Thursday, October 5, 2017

Prayers for one in Crisis -- #29 -- Guarding your Time




Guarding time to be with your spouse is so important.  When we were going through some major therapy and counsel, Dr. Connie  asked us ...'what do you both like to do for fun?'.    We answered and yet, that really did not change much.

We enjoyed some common activities but that seemed to be the 'same old stuff'.  She encouraged us to figure out something new.   So -----Harley motorcycle -- here we come.    The thrill of  try something new.  The thrill of doing it together.  And then each of us had to learn and then pass our cycle test -- and get it endorsed on our driver's license.  That was the start of some ...new fun.

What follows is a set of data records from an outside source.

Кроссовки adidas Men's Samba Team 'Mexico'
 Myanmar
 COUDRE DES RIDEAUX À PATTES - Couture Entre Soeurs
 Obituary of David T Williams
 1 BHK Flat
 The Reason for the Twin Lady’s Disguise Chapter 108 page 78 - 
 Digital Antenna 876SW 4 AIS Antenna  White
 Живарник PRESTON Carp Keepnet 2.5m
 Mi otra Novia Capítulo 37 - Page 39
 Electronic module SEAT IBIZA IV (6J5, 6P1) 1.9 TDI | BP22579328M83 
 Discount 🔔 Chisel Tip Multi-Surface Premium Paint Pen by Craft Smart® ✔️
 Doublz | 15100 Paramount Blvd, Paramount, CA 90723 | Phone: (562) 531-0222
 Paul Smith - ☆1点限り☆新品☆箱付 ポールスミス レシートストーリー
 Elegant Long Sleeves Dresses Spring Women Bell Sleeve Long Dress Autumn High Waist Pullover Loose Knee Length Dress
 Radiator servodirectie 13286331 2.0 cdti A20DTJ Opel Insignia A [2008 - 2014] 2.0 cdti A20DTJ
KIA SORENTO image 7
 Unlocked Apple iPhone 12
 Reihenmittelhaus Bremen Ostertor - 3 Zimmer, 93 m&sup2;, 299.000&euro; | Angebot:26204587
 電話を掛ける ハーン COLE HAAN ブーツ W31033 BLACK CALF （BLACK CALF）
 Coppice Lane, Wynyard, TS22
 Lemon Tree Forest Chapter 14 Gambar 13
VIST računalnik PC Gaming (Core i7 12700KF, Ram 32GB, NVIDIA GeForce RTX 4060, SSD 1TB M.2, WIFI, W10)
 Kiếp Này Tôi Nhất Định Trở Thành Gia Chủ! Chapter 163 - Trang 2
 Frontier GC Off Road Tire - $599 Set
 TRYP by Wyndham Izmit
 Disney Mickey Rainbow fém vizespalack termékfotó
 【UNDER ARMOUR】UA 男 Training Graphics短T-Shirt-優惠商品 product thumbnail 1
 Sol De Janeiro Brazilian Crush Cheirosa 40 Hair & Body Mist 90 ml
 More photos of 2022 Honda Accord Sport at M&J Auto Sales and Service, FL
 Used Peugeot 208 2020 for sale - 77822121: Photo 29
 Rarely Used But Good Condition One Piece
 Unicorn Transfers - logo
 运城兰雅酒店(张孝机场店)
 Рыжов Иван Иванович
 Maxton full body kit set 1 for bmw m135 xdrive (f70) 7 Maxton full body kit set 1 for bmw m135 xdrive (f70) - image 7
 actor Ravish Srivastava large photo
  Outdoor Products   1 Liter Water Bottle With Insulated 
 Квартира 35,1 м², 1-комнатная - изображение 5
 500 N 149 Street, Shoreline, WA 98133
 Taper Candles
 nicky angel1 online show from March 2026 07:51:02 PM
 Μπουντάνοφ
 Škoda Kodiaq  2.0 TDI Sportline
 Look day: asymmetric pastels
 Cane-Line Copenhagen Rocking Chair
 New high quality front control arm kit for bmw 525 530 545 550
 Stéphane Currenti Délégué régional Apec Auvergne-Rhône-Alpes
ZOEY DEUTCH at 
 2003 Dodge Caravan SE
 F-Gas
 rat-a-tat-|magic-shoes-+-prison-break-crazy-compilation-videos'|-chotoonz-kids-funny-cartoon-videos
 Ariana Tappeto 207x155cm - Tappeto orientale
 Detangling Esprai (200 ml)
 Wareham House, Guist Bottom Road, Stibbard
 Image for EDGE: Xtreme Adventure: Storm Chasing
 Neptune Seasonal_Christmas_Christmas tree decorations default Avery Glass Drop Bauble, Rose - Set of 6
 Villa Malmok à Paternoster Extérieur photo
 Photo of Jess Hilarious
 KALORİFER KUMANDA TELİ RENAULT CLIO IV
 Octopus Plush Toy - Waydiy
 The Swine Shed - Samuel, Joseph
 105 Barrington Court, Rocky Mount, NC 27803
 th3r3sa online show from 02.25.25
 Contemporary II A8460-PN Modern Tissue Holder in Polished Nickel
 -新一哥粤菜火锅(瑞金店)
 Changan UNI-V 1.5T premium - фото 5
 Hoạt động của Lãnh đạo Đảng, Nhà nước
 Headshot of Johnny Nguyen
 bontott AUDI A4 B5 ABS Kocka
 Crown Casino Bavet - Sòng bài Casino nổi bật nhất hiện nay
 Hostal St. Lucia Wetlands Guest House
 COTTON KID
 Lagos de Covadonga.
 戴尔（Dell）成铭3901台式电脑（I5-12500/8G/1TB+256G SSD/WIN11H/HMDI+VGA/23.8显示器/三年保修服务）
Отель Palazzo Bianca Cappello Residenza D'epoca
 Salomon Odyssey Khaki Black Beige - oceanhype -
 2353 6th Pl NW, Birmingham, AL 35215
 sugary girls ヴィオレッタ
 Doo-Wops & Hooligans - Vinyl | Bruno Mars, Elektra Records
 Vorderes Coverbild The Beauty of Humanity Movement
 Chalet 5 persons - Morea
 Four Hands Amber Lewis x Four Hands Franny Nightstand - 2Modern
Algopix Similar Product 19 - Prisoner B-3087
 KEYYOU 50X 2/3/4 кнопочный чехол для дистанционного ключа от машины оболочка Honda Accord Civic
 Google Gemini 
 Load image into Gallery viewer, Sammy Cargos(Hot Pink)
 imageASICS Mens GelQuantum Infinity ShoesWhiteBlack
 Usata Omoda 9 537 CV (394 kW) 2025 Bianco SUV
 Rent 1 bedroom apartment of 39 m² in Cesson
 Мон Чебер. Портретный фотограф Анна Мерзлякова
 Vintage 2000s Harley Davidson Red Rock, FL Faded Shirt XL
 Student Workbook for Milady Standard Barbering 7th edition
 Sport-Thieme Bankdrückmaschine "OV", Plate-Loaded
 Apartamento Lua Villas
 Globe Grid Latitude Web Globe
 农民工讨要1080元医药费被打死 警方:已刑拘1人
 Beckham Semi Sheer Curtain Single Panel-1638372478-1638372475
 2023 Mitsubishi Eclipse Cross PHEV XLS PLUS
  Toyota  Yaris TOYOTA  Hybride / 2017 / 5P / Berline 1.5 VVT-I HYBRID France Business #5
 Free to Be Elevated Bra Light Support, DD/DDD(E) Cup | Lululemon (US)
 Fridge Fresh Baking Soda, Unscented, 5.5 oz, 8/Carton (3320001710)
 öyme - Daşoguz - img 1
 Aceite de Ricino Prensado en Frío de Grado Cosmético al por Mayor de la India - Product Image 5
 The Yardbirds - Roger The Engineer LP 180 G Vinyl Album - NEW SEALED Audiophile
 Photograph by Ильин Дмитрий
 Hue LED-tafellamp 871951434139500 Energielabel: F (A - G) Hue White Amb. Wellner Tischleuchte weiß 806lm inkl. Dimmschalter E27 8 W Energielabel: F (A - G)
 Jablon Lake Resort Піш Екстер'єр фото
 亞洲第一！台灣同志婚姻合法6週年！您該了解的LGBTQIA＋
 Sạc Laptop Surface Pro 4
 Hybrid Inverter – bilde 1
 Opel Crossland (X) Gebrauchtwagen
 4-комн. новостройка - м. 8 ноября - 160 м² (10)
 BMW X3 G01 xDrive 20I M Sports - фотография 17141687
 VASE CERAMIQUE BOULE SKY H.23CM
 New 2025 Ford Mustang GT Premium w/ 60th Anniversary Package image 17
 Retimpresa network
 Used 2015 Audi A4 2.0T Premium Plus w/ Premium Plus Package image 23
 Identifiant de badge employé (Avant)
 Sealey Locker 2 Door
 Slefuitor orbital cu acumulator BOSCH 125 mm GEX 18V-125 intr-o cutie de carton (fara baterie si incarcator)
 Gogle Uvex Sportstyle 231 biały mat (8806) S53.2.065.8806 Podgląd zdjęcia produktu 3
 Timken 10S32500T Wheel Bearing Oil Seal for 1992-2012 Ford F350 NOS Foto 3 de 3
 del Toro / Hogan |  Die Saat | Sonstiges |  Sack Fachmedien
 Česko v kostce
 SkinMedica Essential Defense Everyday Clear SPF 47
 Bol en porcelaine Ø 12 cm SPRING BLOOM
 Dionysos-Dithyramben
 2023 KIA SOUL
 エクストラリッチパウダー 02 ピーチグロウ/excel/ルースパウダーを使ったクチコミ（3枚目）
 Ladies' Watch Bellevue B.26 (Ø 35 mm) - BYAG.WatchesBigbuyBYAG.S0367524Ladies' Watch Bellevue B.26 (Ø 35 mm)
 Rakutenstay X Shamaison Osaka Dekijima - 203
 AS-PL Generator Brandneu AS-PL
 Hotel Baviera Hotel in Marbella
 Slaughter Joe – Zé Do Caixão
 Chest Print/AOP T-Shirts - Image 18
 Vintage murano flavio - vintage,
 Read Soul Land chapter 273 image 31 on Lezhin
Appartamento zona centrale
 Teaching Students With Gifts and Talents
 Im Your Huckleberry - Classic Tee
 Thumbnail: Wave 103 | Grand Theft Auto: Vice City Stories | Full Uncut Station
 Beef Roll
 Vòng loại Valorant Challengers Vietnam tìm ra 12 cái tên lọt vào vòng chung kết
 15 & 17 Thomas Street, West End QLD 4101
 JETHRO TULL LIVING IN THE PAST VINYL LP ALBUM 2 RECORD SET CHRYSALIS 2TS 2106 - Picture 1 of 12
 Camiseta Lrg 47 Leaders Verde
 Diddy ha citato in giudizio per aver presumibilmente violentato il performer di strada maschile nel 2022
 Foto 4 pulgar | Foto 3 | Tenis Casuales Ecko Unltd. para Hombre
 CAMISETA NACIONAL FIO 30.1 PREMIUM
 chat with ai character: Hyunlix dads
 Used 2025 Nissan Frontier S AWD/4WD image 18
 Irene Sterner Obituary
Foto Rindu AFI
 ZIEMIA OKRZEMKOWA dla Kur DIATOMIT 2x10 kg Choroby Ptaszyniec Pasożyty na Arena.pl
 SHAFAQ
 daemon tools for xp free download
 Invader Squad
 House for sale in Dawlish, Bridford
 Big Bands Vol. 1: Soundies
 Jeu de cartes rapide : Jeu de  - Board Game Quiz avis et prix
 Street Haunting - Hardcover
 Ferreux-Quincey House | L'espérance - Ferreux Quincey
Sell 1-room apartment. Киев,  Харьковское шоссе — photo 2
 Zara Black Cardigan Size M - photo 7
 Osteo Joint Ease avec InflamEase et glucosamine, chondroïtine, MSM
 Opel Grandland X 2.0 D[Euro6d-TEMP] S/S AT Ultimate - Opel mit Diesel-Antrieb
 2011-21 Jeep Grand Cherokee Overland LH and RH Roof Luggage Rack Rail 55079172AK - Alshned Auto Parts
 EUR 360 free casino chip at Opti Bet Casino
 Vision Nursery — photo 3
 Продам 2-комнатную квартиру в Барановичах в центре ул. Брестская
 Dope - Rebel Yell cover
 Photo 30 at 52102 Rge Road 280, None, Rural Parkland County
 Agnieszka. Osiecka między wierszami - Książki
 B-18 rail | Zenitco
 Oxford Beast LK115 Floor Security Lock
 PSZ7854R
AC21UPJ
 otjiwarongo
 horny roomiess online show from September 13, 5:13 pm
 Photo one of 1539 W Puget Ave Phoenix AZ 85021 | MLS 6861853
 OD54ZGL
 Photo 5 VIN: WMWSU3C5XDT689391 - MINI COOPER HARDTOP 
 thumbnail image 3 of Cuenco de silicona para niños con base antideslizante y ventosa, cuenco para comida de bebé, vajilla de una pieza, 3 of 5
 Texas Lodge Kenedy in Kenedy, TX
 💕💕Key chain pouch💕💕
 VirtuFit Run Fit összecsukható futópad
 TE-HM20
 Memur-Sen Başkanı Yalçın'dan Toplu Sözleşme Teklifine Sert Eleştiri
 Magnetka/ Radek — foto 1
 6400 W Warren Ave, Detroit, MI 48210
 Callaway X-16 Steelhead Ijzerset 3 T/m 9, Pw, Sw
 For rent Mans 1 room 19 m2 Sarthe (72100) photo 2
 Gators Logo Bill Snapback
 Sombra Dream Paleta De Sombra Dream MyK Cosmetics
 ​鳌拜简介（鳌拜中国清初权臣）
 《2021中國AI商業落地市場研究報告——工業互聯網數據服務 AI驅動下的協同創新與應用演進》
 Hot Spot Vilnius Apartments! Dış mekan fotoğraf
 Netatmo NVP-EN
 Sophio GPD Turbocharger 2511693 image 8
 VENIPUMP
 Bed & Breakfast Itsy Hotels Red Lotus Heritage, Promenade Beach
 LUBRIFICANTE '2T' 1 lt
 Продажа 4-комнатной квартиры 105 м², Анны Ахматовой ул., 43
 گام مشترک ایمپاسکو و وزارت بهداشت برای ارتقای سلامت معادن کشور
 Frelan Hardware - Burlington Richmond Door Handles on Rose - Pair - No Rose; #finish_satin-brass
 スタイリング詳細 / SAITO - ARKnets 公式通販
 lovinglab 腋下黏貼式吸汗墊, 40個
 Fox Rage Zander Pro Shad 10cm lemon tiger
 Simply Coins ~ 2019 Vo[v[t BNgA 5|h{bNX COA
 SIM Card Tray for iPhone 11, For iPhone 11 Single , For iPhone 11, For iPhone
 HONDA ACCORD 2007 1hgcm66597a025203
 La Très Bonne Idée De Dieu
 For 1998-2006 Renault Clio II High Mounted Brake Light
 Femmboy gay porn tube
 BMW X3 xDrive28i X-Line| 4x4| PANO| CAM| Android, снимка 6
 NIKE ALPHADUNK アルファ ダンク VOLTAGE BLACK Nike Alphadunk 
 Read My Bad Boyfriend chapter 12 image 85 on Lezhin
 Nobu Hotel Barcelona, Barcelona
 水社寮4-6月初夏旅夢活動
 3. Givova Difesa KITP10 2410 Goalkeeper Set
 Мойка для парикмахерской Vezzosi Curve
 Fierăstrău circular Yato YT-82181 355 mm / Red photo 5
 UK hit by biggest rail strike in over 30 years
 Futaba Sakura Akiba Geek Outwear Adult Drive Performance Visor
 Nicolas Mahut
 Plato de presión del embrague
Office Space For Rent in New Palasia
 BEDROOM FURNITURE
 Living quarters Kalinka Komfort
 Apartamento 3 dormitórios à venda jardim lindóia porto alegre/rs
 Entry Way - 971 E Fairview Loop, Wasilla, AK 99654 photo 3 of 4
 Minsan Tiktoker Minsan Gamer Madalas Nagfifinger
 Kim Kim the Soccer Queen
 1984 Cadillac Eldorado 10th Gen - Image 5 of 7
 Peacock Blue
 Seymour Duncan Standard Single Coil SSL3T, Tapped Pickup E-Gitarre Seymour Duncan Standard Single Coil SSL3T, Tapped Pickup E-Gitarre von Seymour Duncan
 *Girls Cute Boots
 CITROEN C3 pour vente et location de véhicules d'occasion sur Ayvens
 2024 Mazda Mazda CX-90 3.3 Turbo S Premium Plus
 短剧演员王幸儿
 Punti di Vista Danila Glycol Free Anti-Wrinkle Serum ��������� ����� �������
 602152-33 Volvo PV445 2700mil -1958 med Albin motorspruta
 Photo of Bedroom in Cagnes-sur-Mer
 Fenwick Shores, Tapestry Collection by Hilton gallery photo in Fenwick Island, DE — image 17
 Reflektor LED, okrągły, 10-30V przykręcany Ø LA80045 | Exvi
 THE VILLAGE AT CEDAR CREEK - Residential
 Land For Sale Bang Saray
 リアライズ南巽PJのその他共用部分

And I thought about HOW the enemy continues to distract and steal away.    The enemy is consistent in trying to destroy and when a woman or sister in Christ  is in a crisis...reliving old memories hurt and can bring shame and condemnation.

 But, I  write this blog with the focus on guarding your time ---having that time with a loved one - your husband is good --- in my story -- my husband became my idol so long ago and my time with God was edged out. 

I truly believe that if you are guarding your time with God...having your quiet time with him, even if it is only for 10 minutes a day --  that you are already AHEAD of the game...by 200%!   Guarding and setting aside time to sit with God...listen to God...sing with God... and reading His Love Letter....is so vital and important.

If that does not 'seem' easy -- pray about HIM carving out the time for it.  HE will.  He wants Your attention.   Pray to crave HIS Word.  Pray to WANT to read His Word.

Please do it now and believe He will....I pray it won't take a major crisis or hurt to make you grow up with the Lord.  Please don't be me.....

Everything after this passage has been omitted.